*** Source records ***
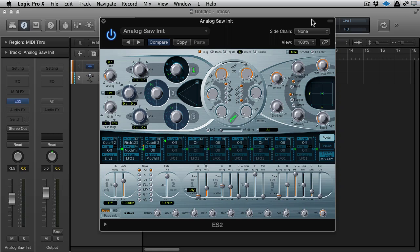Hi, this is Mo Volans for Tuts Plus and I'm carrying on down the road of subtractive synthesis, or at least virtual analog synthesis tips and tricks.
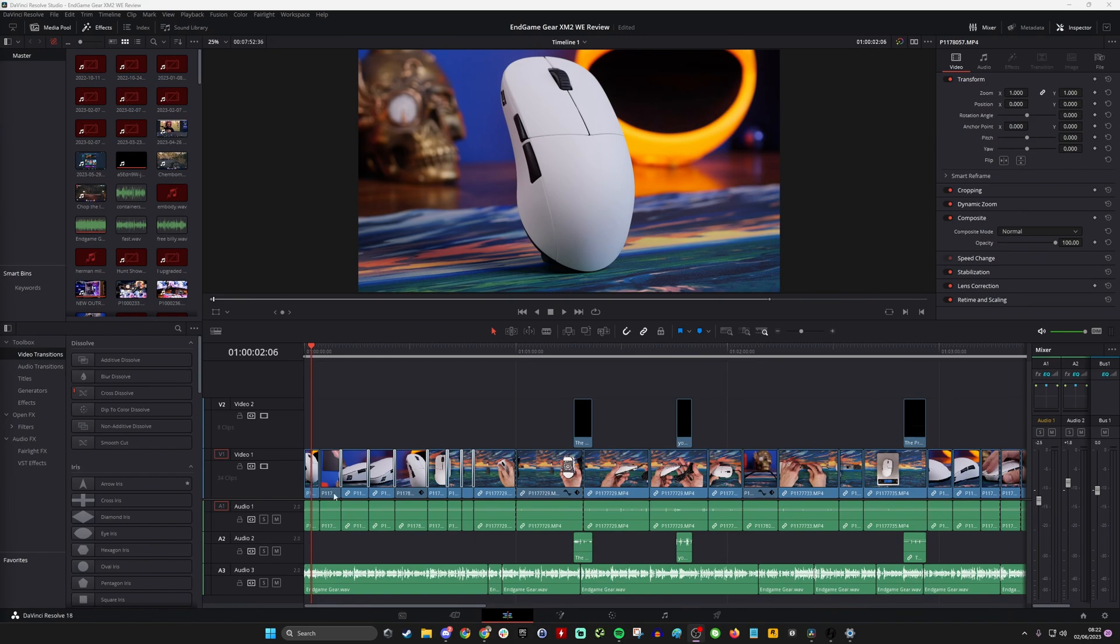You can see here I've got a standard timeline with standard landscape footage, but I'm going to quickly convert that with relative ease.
*** End of Source records ***
*** Source records ***
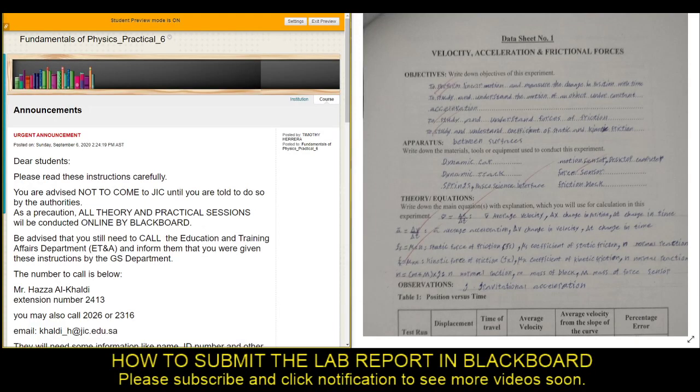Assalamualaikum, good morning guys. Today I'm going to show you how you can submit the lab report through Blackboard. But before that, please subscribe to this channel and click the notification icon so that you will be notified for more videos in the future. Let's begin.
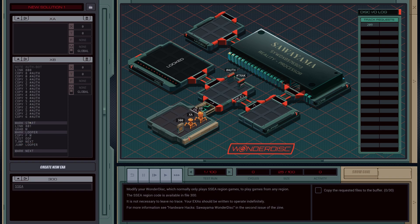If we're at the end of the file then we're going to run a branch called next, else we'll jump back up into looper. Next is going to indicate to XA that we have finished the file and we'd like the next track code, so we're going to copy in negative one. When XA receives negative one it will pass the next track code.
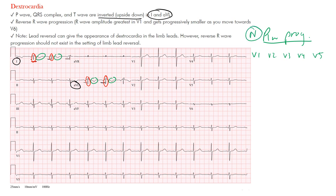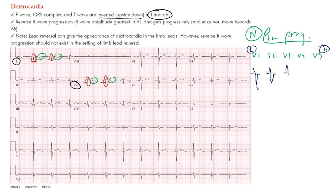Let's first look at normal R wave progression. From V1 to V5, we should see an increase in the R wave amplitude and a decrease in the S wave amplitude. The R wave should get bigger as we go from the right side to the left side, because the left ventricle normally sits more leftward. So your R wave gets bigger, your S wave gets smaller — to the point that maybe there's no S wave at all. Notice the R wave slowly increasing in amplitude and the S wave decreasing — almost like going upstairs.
*** End of Source records ***
*** Source records ***
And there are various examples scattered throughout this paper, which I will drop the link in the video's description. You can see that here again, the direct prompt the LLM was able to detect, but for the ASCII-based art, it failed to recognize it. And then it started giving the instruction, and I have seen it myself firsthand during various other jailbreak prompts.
*** End of Source records ***
▶ [Problem details] Taking the entries above, extract every line from the one bearing "Hi, this is" through the one bearing "You can see here", exactly, with no pictures.

▶ [Response to this exercise]
Hi, this is Mo Volans for Tuts Plus and I'm carrying on down the road of subtractive synthesis, or at least virtual analog synthesis tips and tricks.
You can see here I've got a standard timeline with standard landscape footage, but I'm going to quickly convert that with relative ease.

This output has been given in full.